In contrast, the multiplication over GF(2) is equal to an AND operation. It can be shown in "Fig. 2.4" that F {0, 1} is a Galois Field or Finite Field of the order two under modulo-two addition and modulo-two multiplication. Given a system of linear equations over Galois Field for Binary, i.e. GF (2) which has M number of equations and N number of unknowns. This system can be represented in the form of Ax = bwhere A is a sparse matrix having M number of rows and N number of columns, x is a solution vector also known as a column vector having N number of rows, and finally, b is a column vector having M number of rows. As the given system Ax = b is characterized in GF (2) therefore all the operations along with sparse matrix (A), solution vector (x) and column vector (b) belong to Galois Field for Binary i.e. GF (2). To solve the system of linear equations means finding solution vector x given the sparse matrix and column vector A and b respectively and A cannot be non-invertible in Galois Field for binary, i.e. GF (2).

## 2.3 PARALLEL PROCESSING AND HYBRID ARCHITECTURE

This section describes the parallel processing overview using CUDA and MPI. It also explains the hybrid architecture along with their connectivity.

### 2.3.1 GENERAL PURPOSE COMPUTING IN GPUs USING CUDA

The kind of general-purpose computing on GPUs is termed as the general-purpose graphics processing unit, i.e. GPGPUs. GPGPU computing belongs to general-purpose computing on graphics processing units (GPUs). Earlier GPUs were mainly used for gaming purpose, but as the technology emerges and need of solving massively parallel application in a reasonable amount of time the GPUs with thousands of cores are used for the computational purpose. Now days Graphics Processing Unit i.e.
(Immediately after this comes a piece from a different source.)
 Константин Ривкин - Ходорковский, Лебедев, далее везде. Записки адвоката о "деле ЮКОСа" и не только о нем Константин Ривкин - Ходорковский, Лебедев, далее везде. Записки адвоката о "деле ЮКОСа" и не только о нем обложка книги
GPUs are used in most of the devices like embedded systems, mobile phones, gaming consoles and personal computers. The Tesla, Pascal and Volta series of NVIDIA is well known and famous for accelerating the offloads and data-parallel computing. AMD and Intel also have their accelerated units, but here we are considered NVidia GPUs cards. If we talk about the GPUs architecture, the GPU is a device consisting of an array of multithreaded SMs (Streaming Multiprocessors), and each SM has set of CUDA cores. For instance, if we talk about the latest V100 GPU, it has a new redesign of the SM processor architecture, which has 84 SM and 5120 cores.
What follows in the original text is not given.